Preliminary studies on the mechanism of action revealed that 2-PhQs were weak inhibitors of the autophagy pathway and were inactive as RdRp inhibitors; on the other hand, some analogues inhibited the helicase unwinding activity of nsp13 with low μM potency. Nsp13 helicase is a very promising target, being highly conserved, with a 99.8% sequence identity shared between SARS-CoV-2 and SARS-CoV-1, suggesting that drugs targeting nsp13 will be active against emerging HCoVs outbreaks. For compounds 6g and 7k, the helicase inhibition appears to mainly contribute to the antiviral activity, with bis-dimethoxyquinoline derivative 6g emerging as the most promising.

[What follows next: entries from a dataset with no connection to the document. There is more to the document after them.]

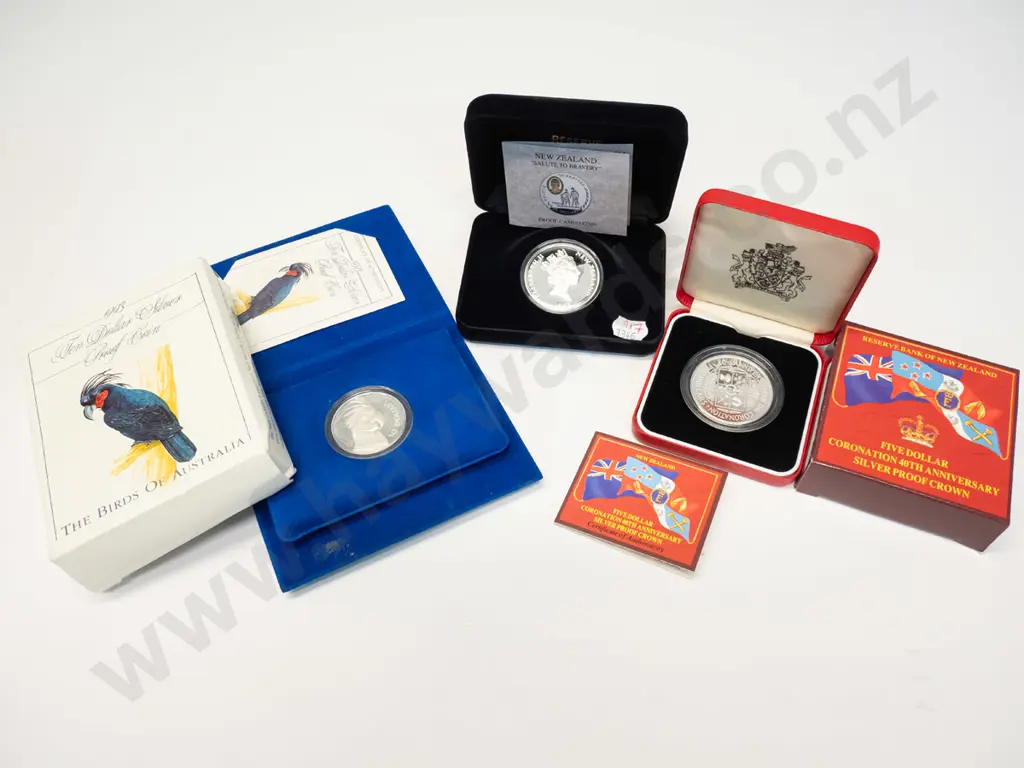 NZ 'Salute to Bravery' coin, NZ $5 coronation 40th anniversay silver proof coin & Aus $10 silver proof coin Image 1++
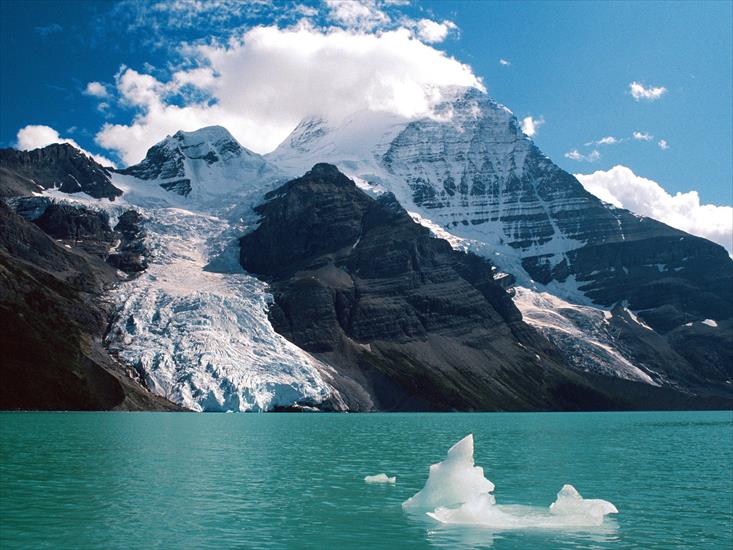 Natura - Mount Robson and Berg Lake, Canadian Rockies.jpg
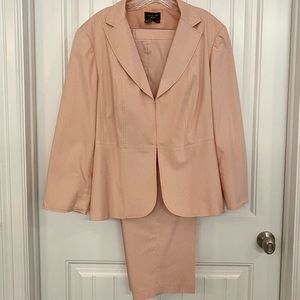 Focus 2000 Spring/Summer Striped Suit, Crop Pants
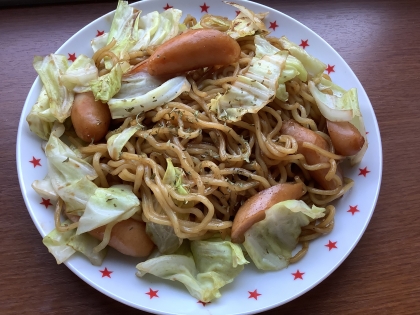 こんにちは♪ベーコンではなくウインナーですが焼きそばとても美味しかったです！油なしで嬉しいです。ご馳走様でした♫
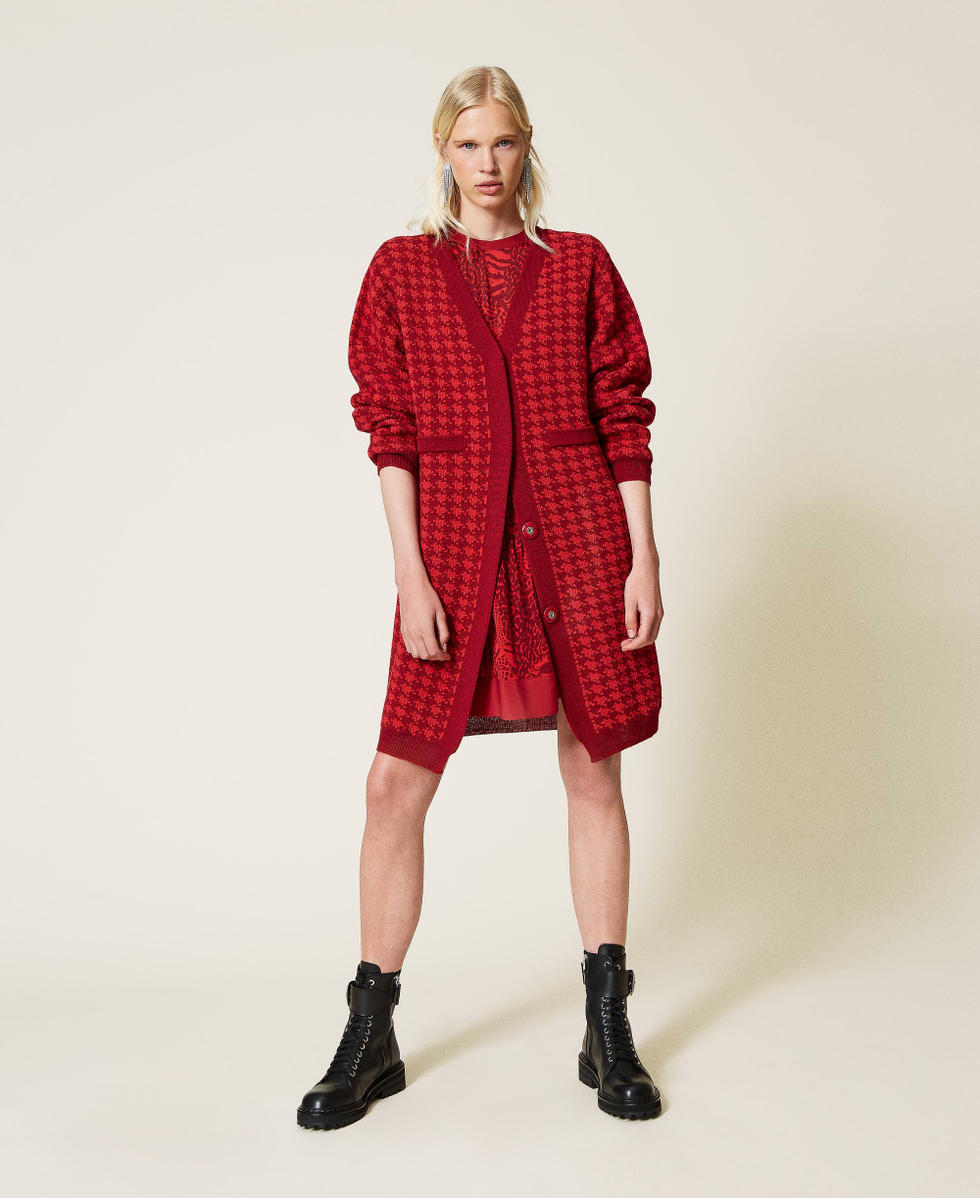 Jacquard-Cardigan mit Hahnentrittmuster Jacquard Hahnentrittmuster dunkles Himbeerrot Frau 212TP3052-01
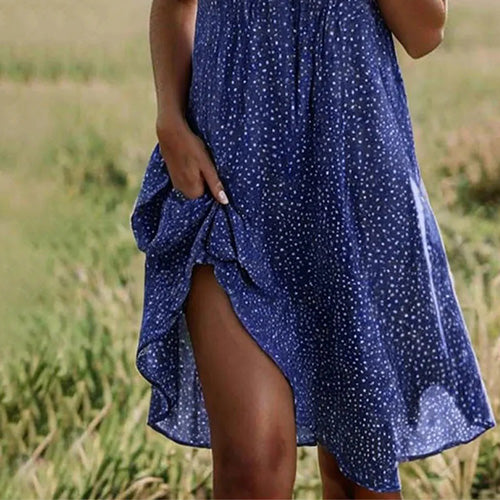 Azalée - Robe à motifs avec manches courtes et décolleté en V généreux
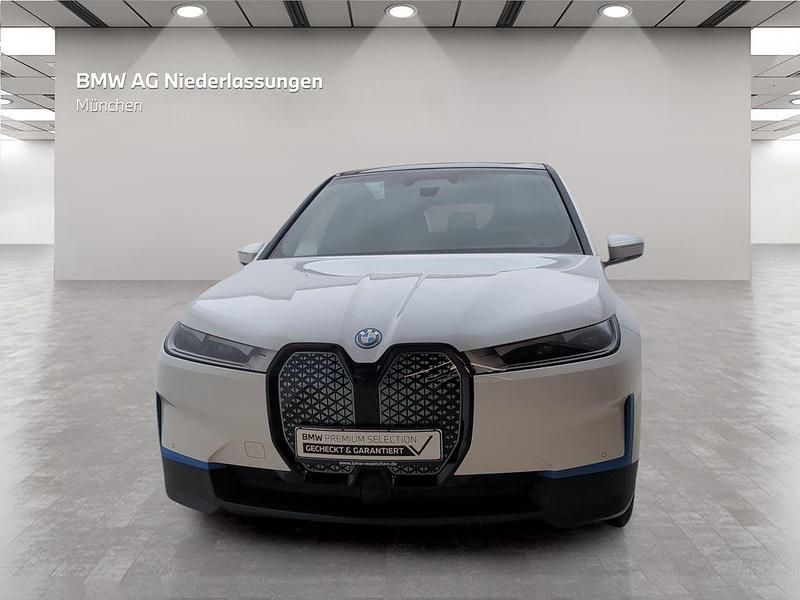 Gebraucht BMW iX 239 kW (326 PS) 2022 Weiß SUV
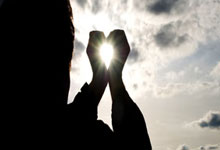 水晶宫全队发扬团结，客场逼平实力对手成功保住比分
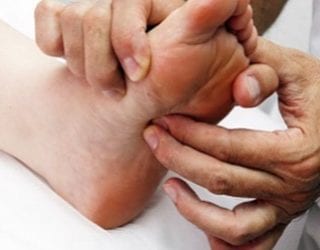 Hand Reflexology to Relieve Pain in Shoulders, Arms, Hands and Feet Video Course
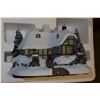 Image 1 : HAWTHORNE VILLAGE CHRISTMAS COTTAGE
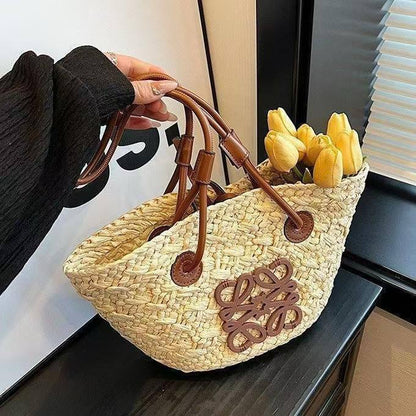 Loewe

36*20*12cm

60 dhs🗽

Zain17
♥️♥️♥️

The synthesis of a few analogues of 6g, compounds 6m–o, gave clear insights on the essential role of the 6,7-dimethoxytetrahydroisoquinoline moiety in conferring antiviral activity through the helicase unwinding inhibition. The co-crystallographic experiments, in progress for 6g, will establish the importance of this group for nsp13 inhibition and will guide the design of improved 2-PhQ derivatives.